What Are The Common Dangers of Scuba Diving

Dangers of scuba diving, by its nature, either with or without scuba, involves certain respiratory patterns that are potentially hazardous under water. Hyper­ventilation and breath holding, for example, may initiate cardioinhibitory and vasodepressor re­flexes capable of causing syncope, cardiac arrhyth­mias, and arrest. Bradycardia, apparently more pronounced than might occur simply from breath- holding and the head-down position, and various cardiac arrhythmias have also been reported dur­ing breath-hold diving.

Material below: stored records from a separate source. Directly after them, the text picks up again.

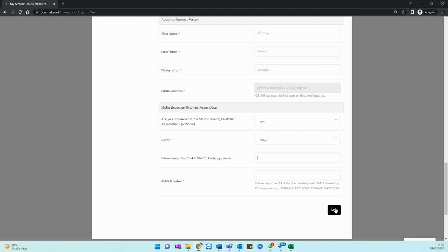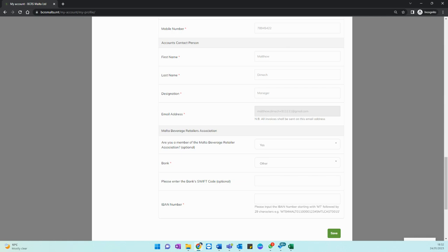Once you do this you are all done and all previous functionalities reappear in the menu on the left. Thank you for watching and please do get in touch with us if you require further assistance.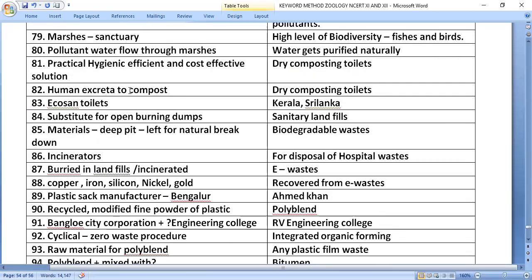In dry composting toilets, human excreta is converted to compost. A sanitary landfill is a substitute for open burning dumps, where biodegradable waste in materials is left in a deep pit for natural breakdown. Incinerators are used for disposal of hospital waste.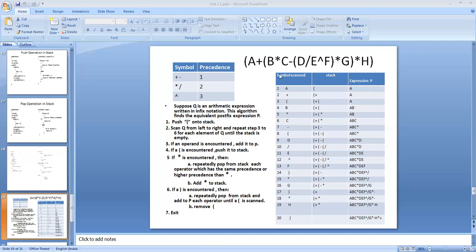When star is encountered, we check the top of the stack, which is a left bracket — it has no precedence, so nothing is popped. We just push star into the stack. Output remains A, B. Next is C, an operand — output becomes A, B, C. Then comes minus. The top of the stack is star, which has higher precedence (2) than minus (1), so star is popped and added to the output. Then minus is pushed into the stack.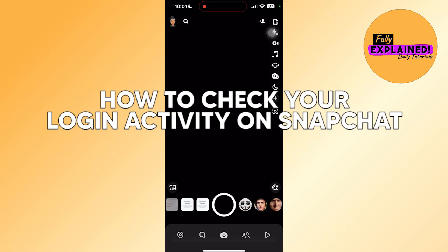In this video, I will be showing you how to check your login activity on Snapchat.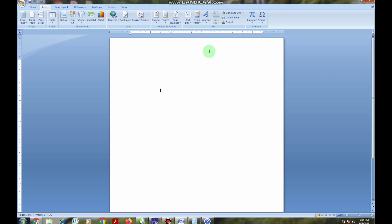Hello guys, welcome back to my channel. In this video I'm going to show you how to insert a table, how to insert page numbers, and also how to insert the calendar. I want you to follow this video to the end so that you can discover more as far as Microsoft Word is concerned.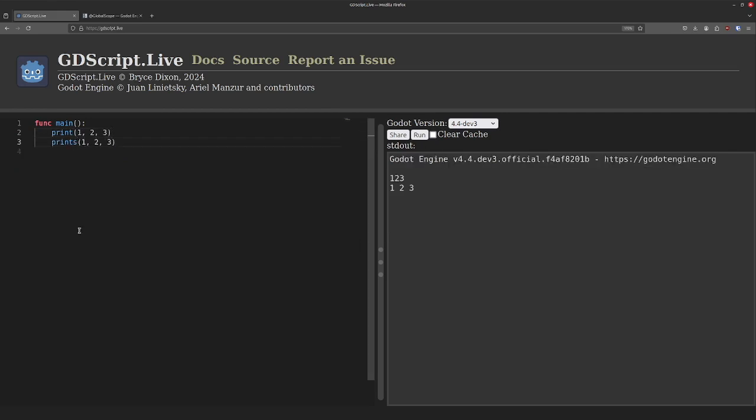Similarly, print_t will add tabs between each argument. I think this makes print_t a pretty good option for easily printing tables of data.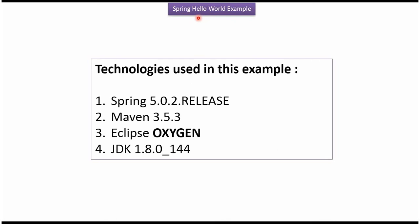This video tutorial will cover how to create a Spring Hello World example. To create this example, I am going to use Spring 5.0.2 release, Maven 3.5.3, Eclipse Oxygen version, and JDK 1.8.0_144 version.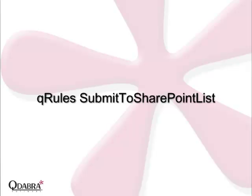Q-Rules is an InfoPath form enhancer that allows you to add features that usually require code to your templates, without you having to write or know any code whatsoever. While Q-Rules has many amazing commands, today I'd like to demonstrate the use of Submit to SharePoint List.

What Are The Common Dangers of Scuba Diving

Vigorous hyperventilation by skin divers prior to a dive may lead to lowering of arterial Pco2 sufficient to abolish the stimulus to breathe and may allow dangerous levels of hypox­emia to develop. In addition, compression of air within the lungs during descent may maintain adequate alveolar Po2 levels despite a diminishing oxygen supply. Distress from air hunger may not occur because alveolar Pco2 has been reduced by prior hyperventilation. During ascent the expan­sion of the air remaining within the lungs results in a sharp reduction in Po2, possibly to levels that result in loss of consciousness before the diver is able to reach the surface, and he may drown un­less help is available for prompt rescue and re­suscitation.

Why Scuba Diving Hazards Is Painful,If you Don’t Care

Divers using properly functioning open-circuit scuba are unlikely to experience hypoxia if they restrict their dives to well within the limits of their air supply. The rate of air util­ization increases in proportion to the increase in absolute pressure when using open-circuit scuba. Total duration of air supply is for example, only one-third as long at 66 feet as at the surface. Increased utilization from heavy exertion causes a proportionately greater expenditure of air.

The availability of scuba has enabled large numbers of untrained people to enter an unfamil­iar and hostile environment previously restricted to trained professional divers. The increasing number of serious diving accidents attests to a general lack of understanding of basic underwater principles. As in any sport, accidents are unavoid­able, but most scuba-diving casualties can be pre­vented.The greatest medical problem is education of those who participate in this sport. Physicians in almost any locality may now be called upon to manage a diving emergency. Excellent pub­lications concerning this subject, such as the United States Navy Diving Manual and others, should be available for this purpose.